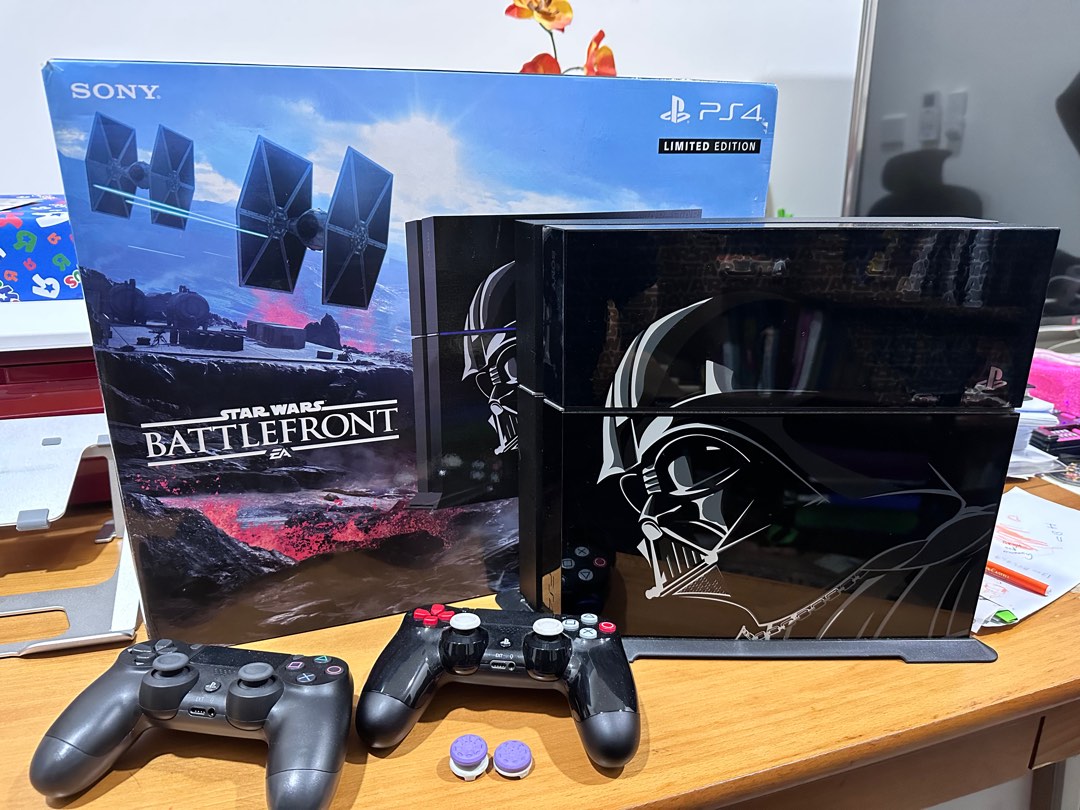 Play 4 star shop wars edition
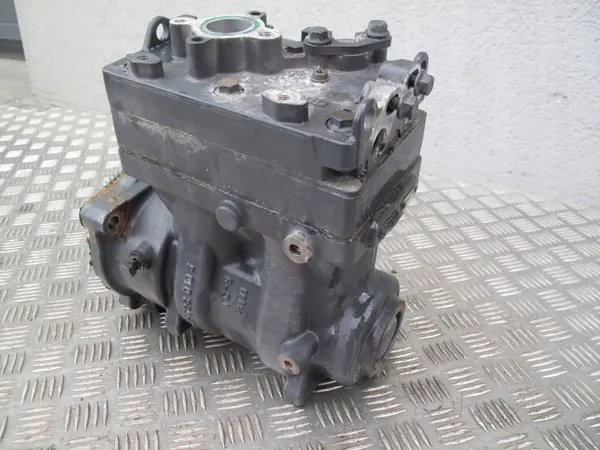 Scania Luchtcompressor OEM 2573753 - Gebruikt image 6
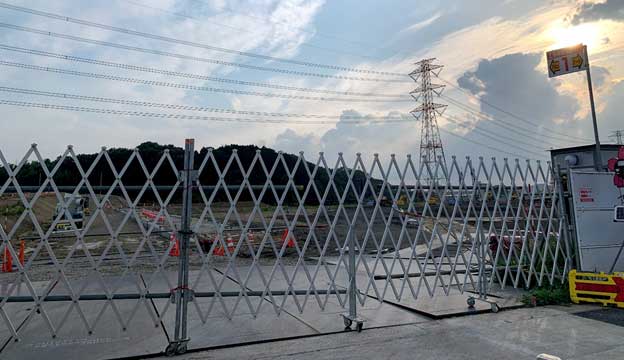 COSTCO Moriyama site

...

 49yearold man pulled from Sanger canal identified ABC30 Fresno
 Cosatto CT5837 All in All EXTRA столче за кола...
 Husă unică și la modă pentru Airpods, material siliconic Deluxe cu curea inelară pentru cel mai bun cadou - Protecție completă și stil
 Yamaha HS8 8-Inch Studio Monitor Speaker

◆ **WHAT IS EXPECTED**: Taking the line with "49yearold man pulled" as the first and the line with "Yamaha HS8 8-Inch Studio Monitor Speaker" as the last, retype that stretch of the data above exactly, with no other lines.

◆ **OUTPUT BELOW**:
 49yearold man pulled from Sanger canal identified ABC30 Fresno
 Cosatto CT5837 All in All EXTRA столче за кола...
 Husă unică și la modă pentru Airpods, material siliconic Deluxe cu curea inelară pentru cel mai bun cadou - Protecție completă și stil
 Yamaha HS8 8-Inch Studio Monitor Speaker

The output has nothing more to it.